EXERCISE DETAILS ::
Everything from the line that has "Avocado Toast with Egg Whites" to the last line of the listing must be repeated exactly, and nothing more; omit the pictures.

━━━ INFORMATION PROVIDED

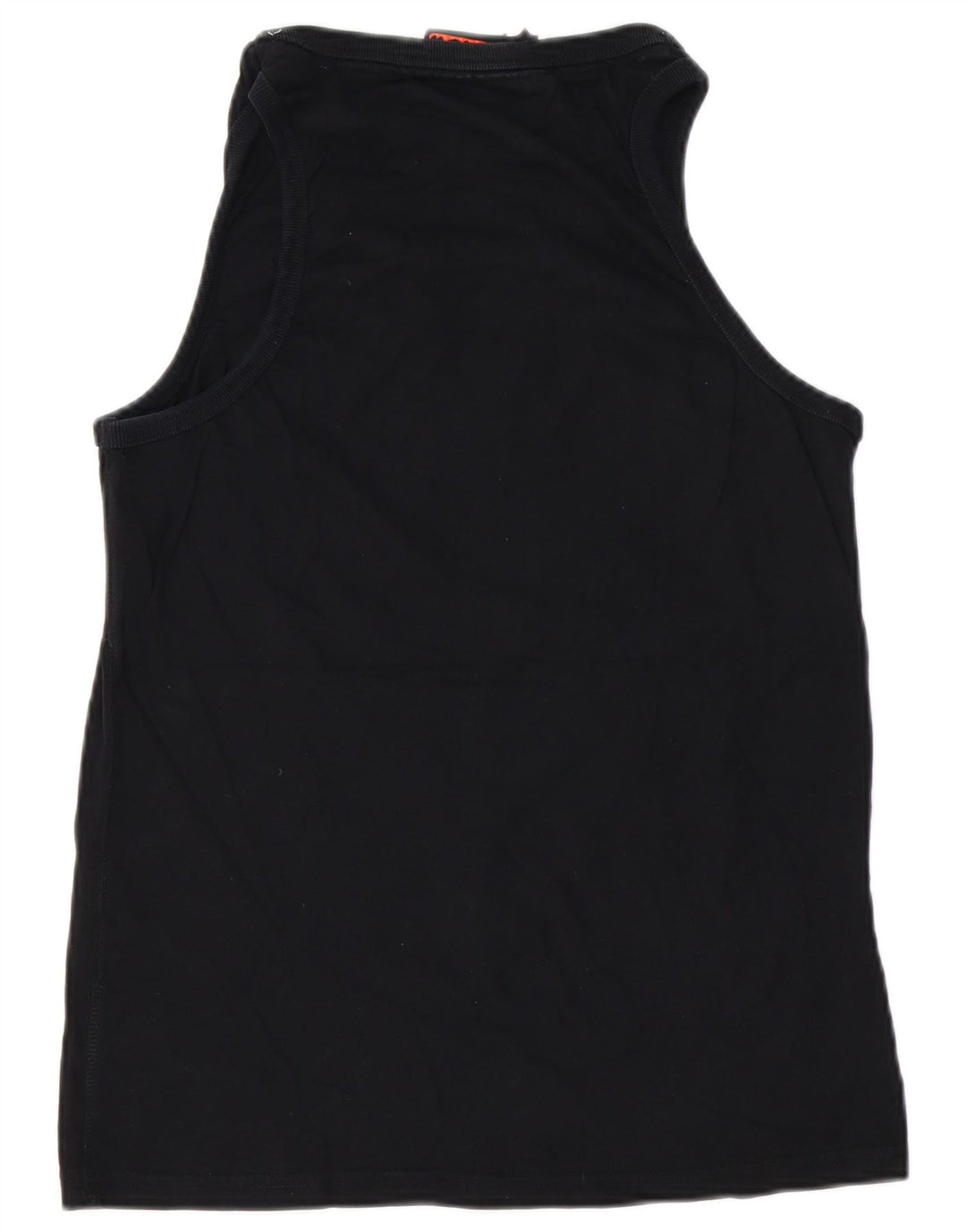 Męski top z kamizelką Superdry Graphic, duży, czarny, bawełniany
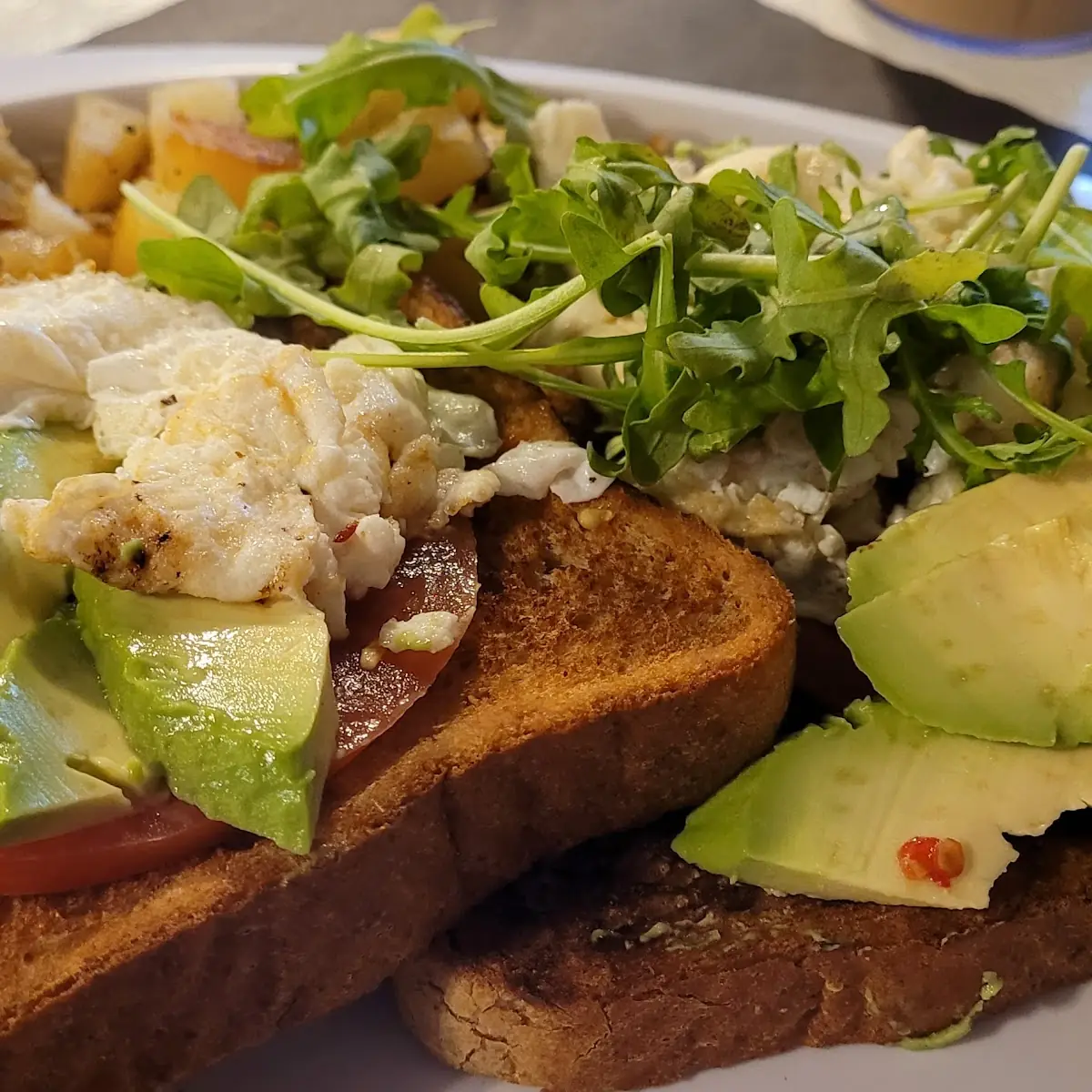 Avocado Toast with Egg Whites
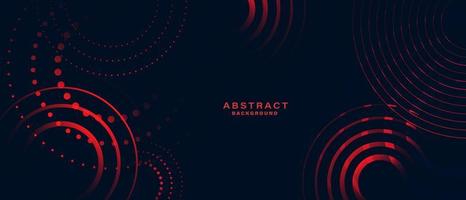 Abstract black background with radial circles. vector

━━━━━━

SOLUTION TO THIS EXERCISE ::
 Avocado Toast with Egg Whites
 Abstract black background with radial circles. vector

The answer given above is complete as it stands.